Exercise instructions: The listing below holds pictures; exclude them. Return exactly the lines from the one with "On Being Vegan: Reflections" through the one with "Curso - A Mediação e o Direito das Famílias".

Provided data:
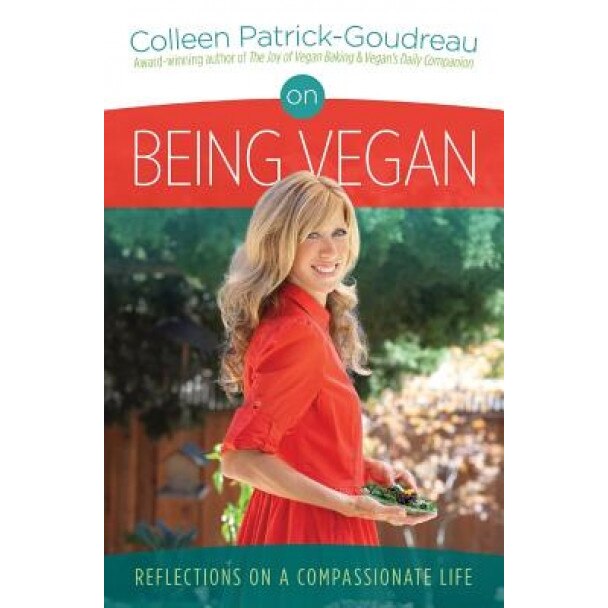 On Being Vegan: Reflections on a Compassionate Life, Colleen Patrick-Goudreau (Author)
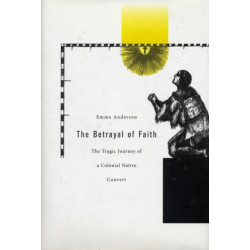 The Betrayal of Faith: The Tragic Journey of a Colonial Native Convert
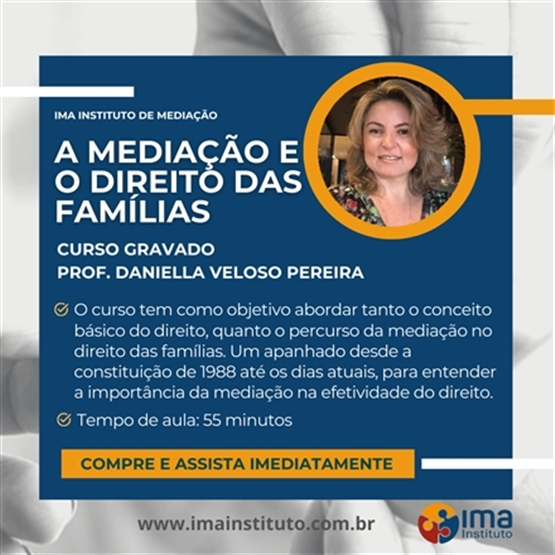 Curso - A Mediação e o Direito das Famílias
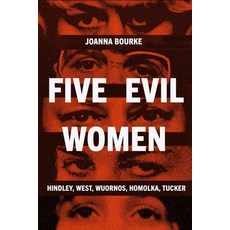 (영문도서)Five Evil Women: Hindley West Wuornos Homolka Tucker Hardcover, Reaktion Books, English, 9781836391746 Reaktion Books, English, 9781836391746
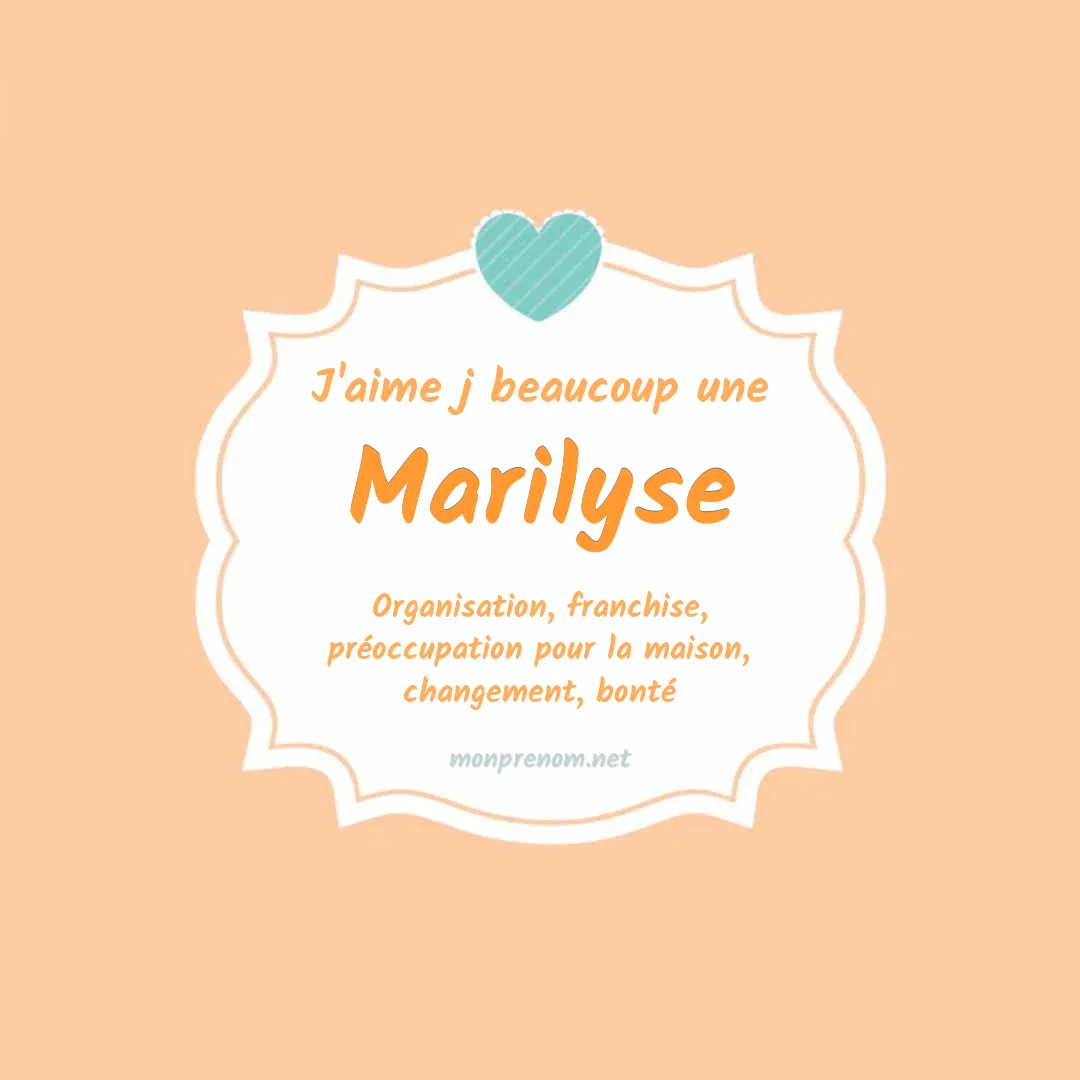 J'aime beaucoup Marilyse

* * *

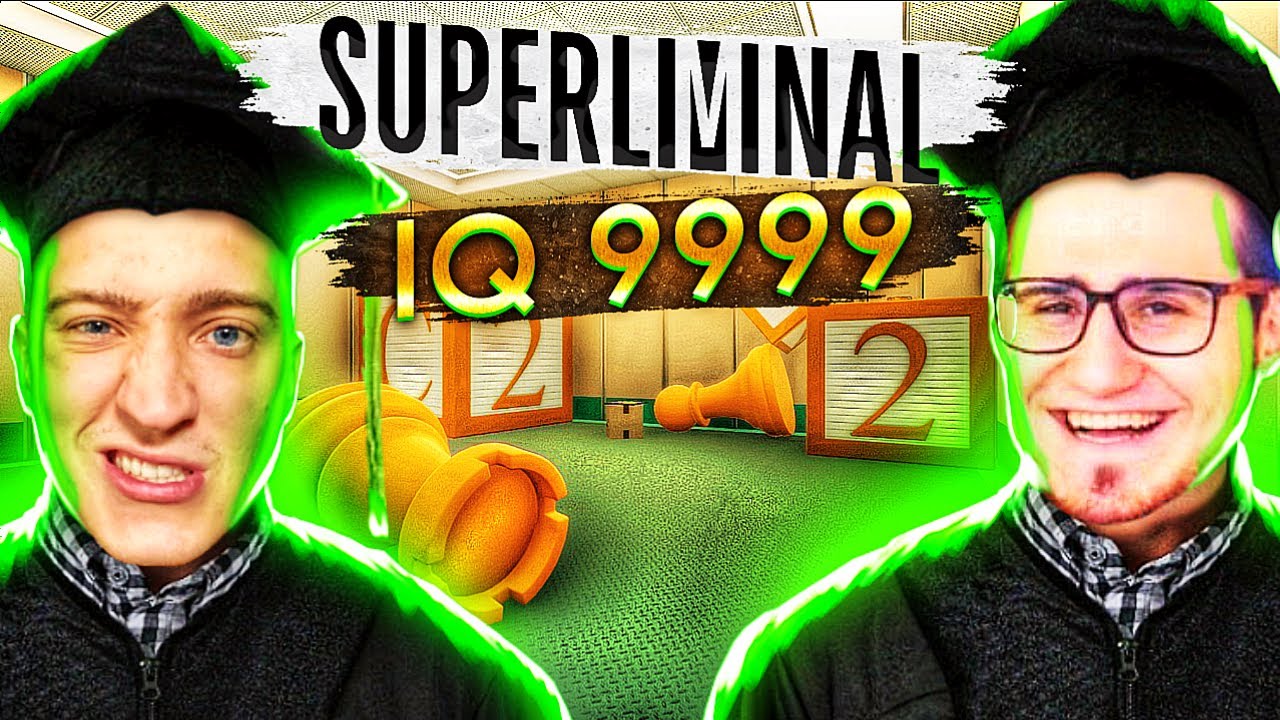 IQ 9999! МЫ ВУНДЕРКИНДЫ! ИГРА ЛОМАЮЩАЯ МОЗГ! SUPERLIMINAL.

Solution:
 On Being Vegan: Reflections on a Compassionate Life, Colleen Patrick-Goudreau (Author)
 The Betrayal of Faith: The Tragic Journey of a Colonial Native Convert
 Curso - A Mediação e o Direito das Famílias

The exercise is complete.